After developing feelings for one another, Jude and Charlotte become a couple and when Charlotte falls pregnant with twins, Jude is shocked. He confides in Noah that he likes Charlotte but doesn't love her. Charlotte is prepared to raise the babies alone until Jude tells her he is committed to her. Charlotte miscarries and the couple hold a memorial service with their friends present.

Jude's world is then rocked when Shauna returns to the Bay to help care for Alf, who has recently suffered a heart attack. Jude still realises he has feelings for Shauna and she is still in love with him. Jude breaks the news to Charlotte and an angry Noah and he leaves with Shauna to go to Melbourne.

When Charlotte nearly drowns several months later, she sees a vision of Jude under and begins asking for him while in hospital. Josh West (Daniel Collopy), who rescued Charlotte, arranges for a helicopter to fly Jude to the bay. Jude notices Charlotte is suffering from delusions, believing that they are still a couple and the twins are still alive.
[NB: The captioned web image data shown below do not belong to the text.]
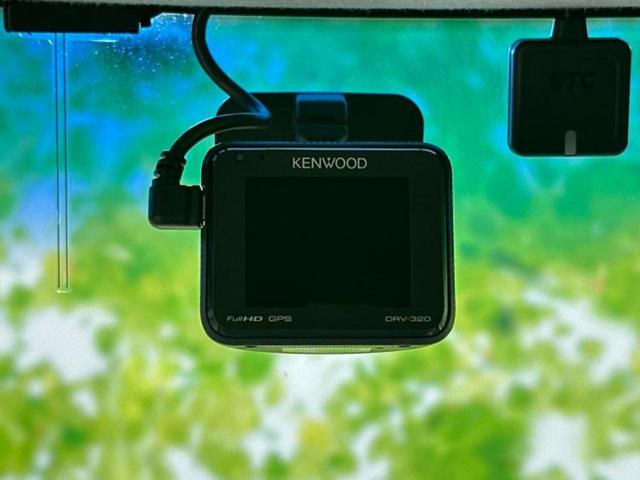 N-BOXカスタム ターボSSパッケージ 新品タイヤ/保証書/社外 SDナビ/衝突安全装置/両側電動スライドドア/ドライブレコーダー 社外/ヘッドランプ HID/Bluetooth接続/ETC/EBD付ABS/横滑り防止装置 バックカメラ(33枚目)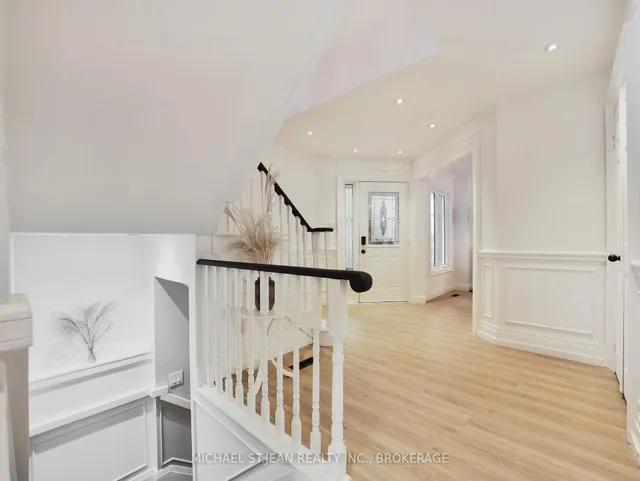 Additional image 6 of 14 Pompano Crt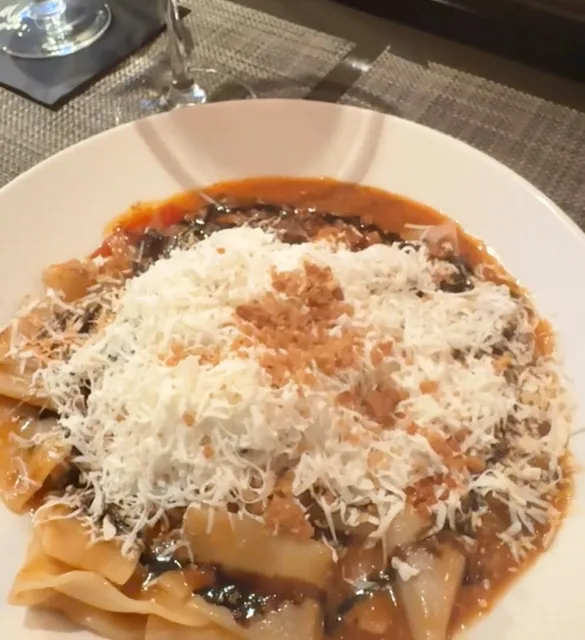 Hidden in the corner of the street is a superb Western pasta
Jude goes along with this and remains at Charlotte's side, shortly before she dies of complications following her accident.

Jude learns that Charlotte has not changed her will following their split and inherits her entire estate including a large sum that one of her patients left her. With Alf's help, Jude uses the funds to finance an orphanage in Vietnam, where Charlotte had planned to go to work before she died. Jude then leaves to return to Shauna in Melbourne.

==Reception==
For his portrayal of Jude, Steel was nominated for the "Best New Male Talent" Logie Award in 2001.